Archive for July, 2002
woah. wild week. got a concussion on monday afternoon. slept and sick for a few days…
hung out with ms all week.hes moving in..
this weekend: went to re ‘s bday at thw wilt chamberlain house..it was weird and fun.
i was with ns all weekend..hes been bummed, went to rodeo, selby AND sundowners.
tonght i went to les duex and ran into colby..had a very intensley eye opening convo…i thought i was crazy thinking ch was still hung up on dl..but he was..or is, i mean.
i am officially insomniatic. 5 days w/out sleep. its insane. i just went for a swim..all misty out and shit. cool.
my hearing is shot. its like i was at a concert last night and they (my ears) are still ‘ringing’ cept the ringing is loud and fuzzy and sharp-all at once
dont know quite what to do..each day i dont sleep the less social i can be and the more i become introverted and hermitlike.
supposed to be speaking at a mtg this eve…

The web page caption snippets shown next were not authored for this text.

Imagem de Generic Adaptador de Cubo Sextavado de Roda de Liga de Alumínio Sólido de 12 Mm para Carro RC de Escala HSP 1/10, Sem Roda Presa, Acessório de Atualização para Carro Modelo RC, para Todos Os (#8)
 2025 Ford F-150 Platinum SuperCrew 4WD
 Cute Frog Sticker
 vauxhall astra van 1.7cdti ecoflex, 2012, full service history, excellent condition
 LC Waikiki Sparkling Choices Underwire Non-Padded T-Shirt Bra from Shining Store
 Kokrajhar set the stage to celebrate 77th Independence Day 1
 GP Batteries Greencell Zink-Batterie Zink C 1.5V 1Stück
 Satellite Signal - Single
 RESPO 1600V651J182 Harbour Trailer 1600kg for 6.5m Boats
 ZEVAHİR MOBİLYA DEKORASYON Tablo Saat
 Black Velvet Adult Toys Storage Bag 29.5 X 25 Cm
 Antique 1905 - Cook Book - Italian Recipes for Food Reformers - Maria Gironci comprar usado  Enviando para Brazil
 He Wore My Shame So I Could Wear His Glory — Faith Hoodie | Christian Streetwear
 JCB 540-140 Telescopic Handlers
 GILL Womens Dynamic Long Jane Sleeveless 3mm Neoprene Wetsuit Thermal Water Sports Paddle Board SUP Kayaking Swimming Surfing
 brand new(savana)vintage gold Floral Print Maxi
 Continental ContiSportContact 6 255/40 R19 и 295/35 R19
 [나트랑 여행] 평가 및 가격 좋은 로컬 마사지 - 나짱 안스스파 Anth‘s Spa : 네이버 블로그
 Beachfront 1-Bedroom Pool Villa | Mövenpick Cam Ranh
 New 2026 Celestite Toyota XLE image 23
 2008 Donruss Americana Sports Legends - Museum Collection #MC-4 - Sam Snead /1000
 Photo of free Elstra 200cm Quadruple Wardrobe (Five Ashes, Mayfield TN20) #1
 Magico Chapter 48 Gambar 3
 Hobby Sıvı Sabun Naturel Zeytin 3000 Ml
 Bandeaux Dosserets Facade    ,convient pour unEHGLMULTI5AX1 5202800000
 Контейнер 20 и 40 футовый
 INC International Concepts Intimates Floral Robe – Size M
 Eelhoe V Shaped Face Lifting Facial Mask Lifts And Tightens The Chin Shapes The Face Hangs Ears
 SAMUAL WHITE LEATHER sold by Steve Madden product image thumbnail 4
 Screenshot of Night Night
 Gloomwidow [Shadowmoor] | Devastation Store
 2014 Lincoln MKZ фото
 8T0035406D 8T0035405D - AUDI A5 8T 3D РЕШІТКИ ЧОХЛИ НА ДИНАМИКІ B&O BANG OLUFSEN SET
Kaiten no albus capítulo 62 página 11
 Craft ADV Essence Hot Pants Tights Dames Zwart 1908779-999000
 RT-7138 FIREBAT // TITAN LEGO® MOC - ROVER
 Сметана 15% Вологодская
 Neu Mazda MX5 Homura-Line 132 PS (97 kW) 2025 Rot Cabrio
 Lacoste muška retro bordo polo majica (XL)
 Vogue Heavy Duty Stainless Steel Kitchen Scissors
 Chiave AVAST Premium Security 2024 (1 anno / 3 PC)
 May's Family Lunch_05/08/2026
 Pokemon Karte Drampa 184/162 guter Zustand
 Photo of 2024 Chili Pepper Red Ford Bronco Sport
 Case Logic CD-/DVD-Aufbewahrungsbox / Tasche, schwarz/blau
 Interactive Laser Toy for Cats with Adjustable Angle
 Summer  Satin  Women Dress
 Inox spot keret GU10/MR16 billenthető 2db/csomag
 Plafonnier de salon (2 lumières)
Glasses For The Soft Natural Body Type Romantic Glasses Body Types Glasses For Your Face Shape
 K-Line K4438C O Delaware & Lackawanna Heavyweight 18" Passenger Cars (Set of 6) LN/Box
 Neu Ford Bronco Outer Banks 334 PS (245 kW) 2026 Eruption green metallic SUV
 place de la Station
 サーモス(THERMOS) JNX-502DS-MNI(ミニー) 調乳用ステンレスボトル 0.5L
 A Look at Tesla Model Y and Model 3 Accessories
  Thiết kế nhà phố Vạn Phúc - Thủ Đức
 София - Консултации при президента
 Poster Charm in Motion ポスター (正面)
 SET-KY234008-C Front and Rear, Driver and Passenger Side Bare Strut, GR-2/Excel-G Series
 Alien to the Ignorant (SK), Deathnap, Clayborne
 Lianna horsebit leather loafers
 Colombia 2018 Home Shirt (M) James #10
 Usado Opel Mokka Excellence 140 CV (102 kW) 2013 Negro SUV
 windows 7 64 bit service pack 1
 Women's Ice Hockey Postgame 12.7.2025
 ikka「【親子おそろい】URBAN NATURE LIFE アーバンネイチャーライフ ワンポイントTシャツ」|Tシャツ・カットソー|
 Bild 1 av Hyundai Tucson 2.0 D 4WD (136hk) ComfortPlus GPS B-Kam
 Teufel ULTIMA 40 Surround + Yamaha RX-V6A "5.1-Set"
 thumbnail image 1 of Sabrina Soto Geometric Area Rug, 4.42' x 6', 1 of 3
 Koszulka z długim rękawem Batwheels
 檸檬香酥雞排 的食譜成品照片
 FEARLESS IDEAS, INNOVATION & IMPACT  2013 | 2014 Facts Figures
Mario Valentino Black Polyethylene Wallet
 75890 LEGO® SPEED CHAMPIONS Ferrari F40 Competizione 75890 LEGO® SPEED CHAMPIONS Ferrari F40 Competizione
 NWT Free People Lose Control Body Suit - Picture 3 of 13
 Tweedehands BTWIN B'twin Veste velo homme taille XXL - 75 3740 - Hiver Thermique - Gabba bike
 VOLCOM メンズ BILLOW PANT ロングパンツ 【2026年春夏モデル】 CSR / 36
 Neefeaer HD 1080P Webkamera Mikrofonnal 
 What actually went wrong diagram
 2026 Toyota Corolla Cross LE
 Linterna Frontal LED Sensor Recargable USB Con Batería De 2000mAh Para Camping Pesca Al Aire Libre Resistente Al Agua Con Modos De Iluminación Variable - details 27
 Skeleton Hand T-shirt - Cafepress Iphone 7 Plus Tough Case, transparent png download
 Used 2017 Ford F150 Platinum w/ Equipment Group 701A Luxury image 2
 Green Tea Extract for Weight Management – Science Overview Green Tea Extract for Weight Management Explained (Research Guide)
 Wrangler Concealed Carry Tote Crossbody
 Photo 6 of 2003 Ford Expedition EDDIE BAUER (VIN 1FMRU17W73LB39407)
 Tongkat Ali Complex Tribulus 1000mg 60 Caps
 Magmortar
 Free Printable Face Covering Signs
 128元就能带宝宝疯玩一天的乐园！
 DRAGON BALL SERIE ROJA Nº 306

feel odd. havent reallly slept the last few days..a lot on my mind, i guess.
or not enough maybe?
good weekend..as sent me an email wondering what was wrong…i didnt have the strength to tell her i knew what she had said about me. i am already so hurt and perplexed by all this. hil and i had intuitive hits about this and i guess we (I) should have listened to them.;
its not like i wasnt warned of her instability i am going to pray for her tonight and for the next few weeks and really visualize her as a happy safe loved and honest person
sunday i [picked up mjk and ie at the airport..then mjk and i hung out at the house.
went to dinner with a fun group on sunday bh and dravens nephews camwe. dl was there..(swoon)
ns hil ls ie Very nice to see Ls as ie has seemingly sequestered her to his place for months ..it seems.
then monday…fairly chaos free…got mjk organized . he had lunch with dl -i did laundry. then ie and ls came up top the house and we loaded all the precious wine into my car. then i proceeded (with ls) to follow the boys in the porsche in the heat of the day thru brutal traffic to inglewood to the forum. ugh
mellow before the show dhl and al and mh came down.had an amazingly revealing and honest convo with al and mh
we had fun. hil and ns2 bought tix and met us there.
the actual show was perhaps one of the most amazing experiences in my life thus far. i felt small and overwhelmed and ecstatic and energized and loving and like a little kid and a parent all at the same time.
it’s funny how i dont relate the person on stage to the mjk i know.the fans went WILD.
so proud.
got a post card from ch. must of sent it the day he left.
worked with cw all day ..dk came over and saved the day (or the book)
then met coleycole and mw and spent afternoon in the pool and eve at meeting…with hil and ns too. then dinner at the indian place ..
funny. then saw coleys newly decorated apt. then ns and i met hil and we went to ledome…nico was having a thing..then we went by the standard..it was absolutley awful…unbearable for me.
this week has been like the opening of my solar plexus..i cried so hard and felt like it would never stop. i can still feel the feeling in my tummy of overwhelming grief..but it’s distant and calmer now. i howled like a dog yesterday. the hurt was deep. i felt like i finally realized how much i betray myslef by being in these relationships..it has notheing to do with them except i pick them for the abuse of my soul body etc…hopefully i am aware of my value for now and will stay away from this sort of being from now on and just see them with compassion and love. i feel sad and i miss chris. the parts i miss arent real though. i only miss what i gave hiom..i put in sooo much for a few seconds of him being pplayful and goi g into monkey talk.i totally lost my sense of who i am and what i am capable of, its bummed me out so hard that i couldnt even see the difference in the perspective anymore. i am so able to move thru this and not lose the lesson. i chose this situaation on earth and i must learn it or repeat it..
jk sent me this this am..OH MAH GAWDfree francis bean.
felt sick again today. shitty i am so over this
slept a long stint of the aafternoon away..only eason i got up was because mom was here and i had to .
went to erewhon and bookstore ..tried to do the post office but the line was insane.
whatever.
i am now going to mtg. then diner with gk and mom.
hope i feel better soon.
mom is here. awesome. doing bills then running then tea at elixir.